Что за алабамский театр? Так это, сэр, у нас на Юге было. Дед рассказывал, ему самому там бывать и участвовать еще доводилось. Зал, билеты — всё как подобает; на сцене преступника-ниггера привязывают, который, например, посмел на хозяина руку поднять — и те, кто в партере, по сигналу имеют право в живую мишень всю обойму винчествера или барабан кольта разрядить, а галерка может лишь по одному выстрелу. Да, жаль, что тот проклятый гунн уже был дохлый, от страха не корчился, не визжал, как наши ниггеры, видя стволы. Ну, мы в него всё равно, патронов не жалея, в лицо старались — за то, что столько наших положил.
Нет, сэр, он прикован к пулемету не был. Не знаю, отчего не ушел — мог бы вполне ночью деру дать, если он тут все тропинки знает, хрен бы мы его поймали.
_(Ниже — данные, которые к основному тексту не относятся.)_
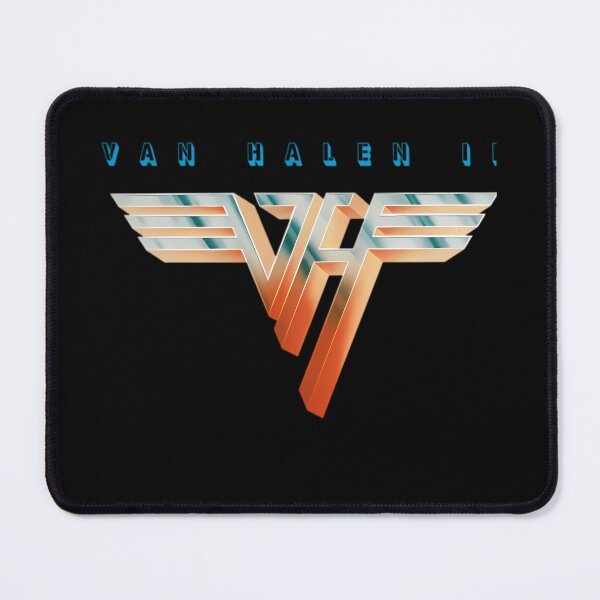 Item preview, Hard Band Metallic Winged Monogram designed and sold by t-shirt studio.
Дурак, что поделать — я бы на его месте точно сказал бы себе: «По-геройствовал в меру, долг исполнил, на медаль заслужил, ну, а теперь ноги в руки и бегом, мертвому слава и почести не нужны, а деньги тем более». Сэр, я не трус, но всегда по-честному: если кто-то хочет, чтобы лично я под пули лез, так пусть платит наличными, а не словами. И конечно, обеспечит, чтобы я вернулся — а если мне выпишут билет в один конец, так и я от всех обязательств свободен.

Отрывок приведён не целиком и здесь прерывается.